What you quoted from his preface:
As sunlight calls free on the open field, so the knowledge of the holy God is a free gift to men who are open to receive it. But this knowledge is difficult because there are conditions to be met and the obstinate nature of fallen man does not take kindly to them.
This by itself brings to account the pursuit of God. Not religion, not theory, not other man’s understanding of who God is. The pursuit of the very face of God. HE is at the same time mysterious and unknowable and yet knowable.
Thank you for bringing this truth out. I fear that most of evangelical Christianity misses the point of Tozer’s message.
GOOD STUFF JOHN. THANKS!
John, not to be a fawning sycophant, but this comment is quite simply a classic:
“This kind of thinking sees salvation as simply a point in time. The Bible sees it as having a beginning but it also sees it as having a middle and an end, or as a whole process. In the Bible the big wide-angle lens for viewing salvation is “union with Christ,” not accepting Jesus as your personal Savior.”
I was in my late thirties before I realized being a Christian was not simply “heaven someday”, but Christ right now, in my experience.
Your post is an encouragement for me to continue to challenge and engage myself and my brothers and sisters to see that this “union with Christ” is our means of displaying God in this world.
Thank you.
Salvation cannot be merely “accepting Christ as my personal Savior” (whatever that means). It is the start of our eternal relationship with God. Real relationships are dynamic, not static. And they are bidirectional with conditiona and expectations on both sides. Seriously, I don’t understand how any Christian can say that there are no conditions required in our relationship with Christ. To say this is to make it less than one’s relationship with a spouse, with a family member, with an employer, etc. Our relationship with Christ has to be more, not less.
I look forward to reading your blog tomorrow.
Those who enjoy Tozer may also enjoy a new biography published this year — A Passion for God: The Spiritual Journey of A.W. Tozer by Lyle Dorsett (Moody, 2008). Its brief, readable, and a delight.
John, you’ve struck some chords here. I think you’re onto something similar to what I’ve been thinking about for a while now. I agree wholeheartedly with your statement above, “The tragic result is a generation of millions of “evangelicals” who really do believe there are no conditions at all.”

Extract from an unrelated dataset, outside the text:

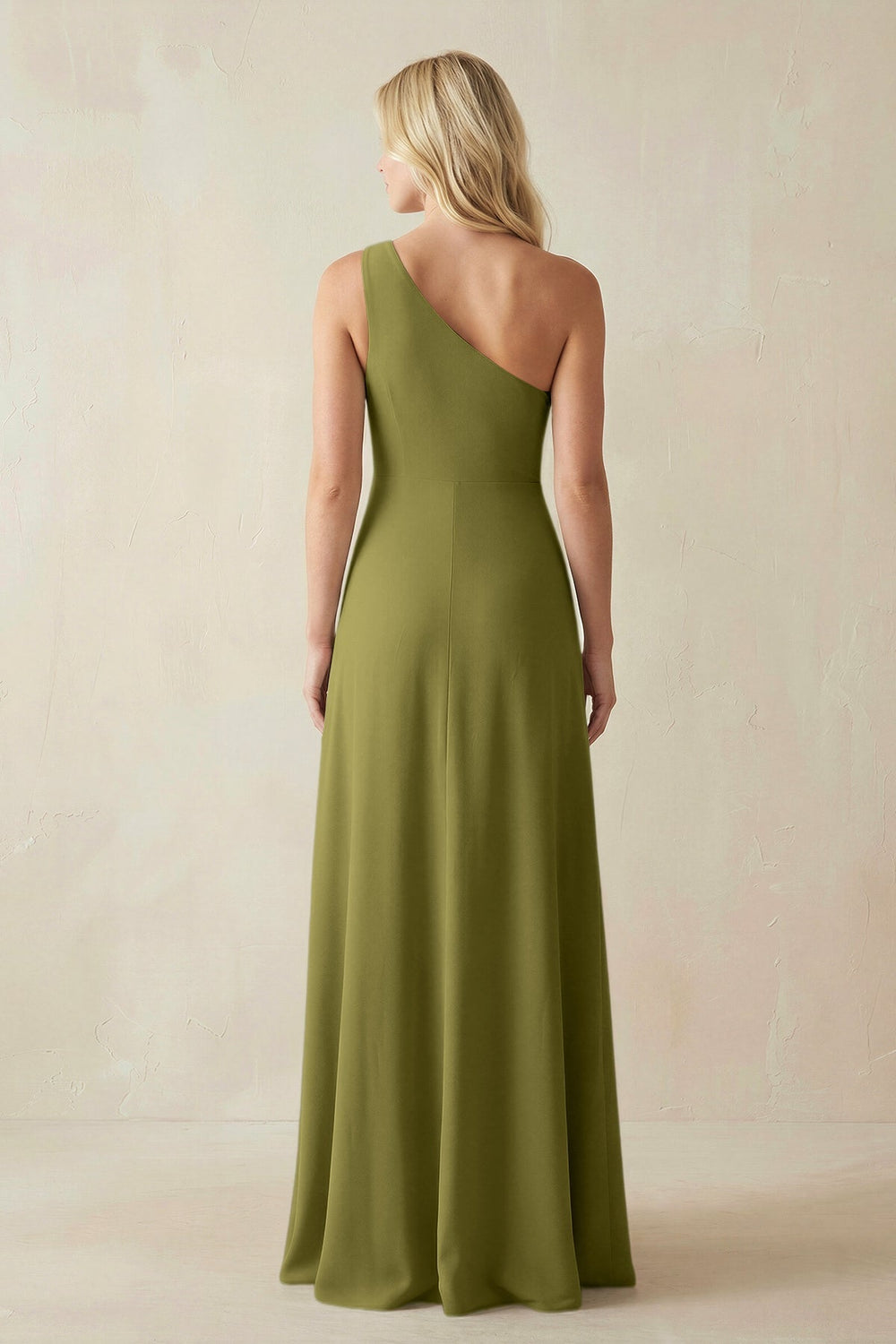 One - Shoulder Sheath Satin Bridesmaid Dress With Slit in Moss Green - KissProm Bridesmaid Dresses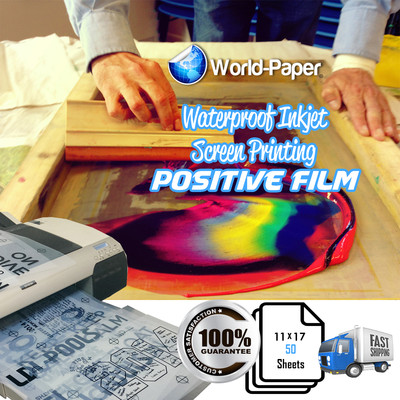 Water Proof Inkjet Transparency Film for Screen Printing 50 Sheets 11'' x 17''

Could the great Calvin-Arminius debate be at the heart of this? It is challenging and exciting for me to read about this debate: http://en.wikipedia.org/wiki/History_of_Calvinist-Arminian_Debate
Really good stuff.
Fellow fan of Tozer,
Molly
I am nearly finished with the afore mentioned book by Tozer and I find it quite inline with some very modern writers. Ravi Zacharius comes to mind as does some of the people in his dvd series on apologetics.Good teaching helps, but in reality the most wise of comments are but pure paraphrase from Gods Holy words. amen
I have really been blessed by the materials of Brother Tozer on the internet.
Yes, indeed he was very prophetic. He spoke as if he lives in our days. he was indeed a man of God.
I am a servant of our dear Lord and Savior from Liberia, West Africa. I will be moving to Guyana as a missionary.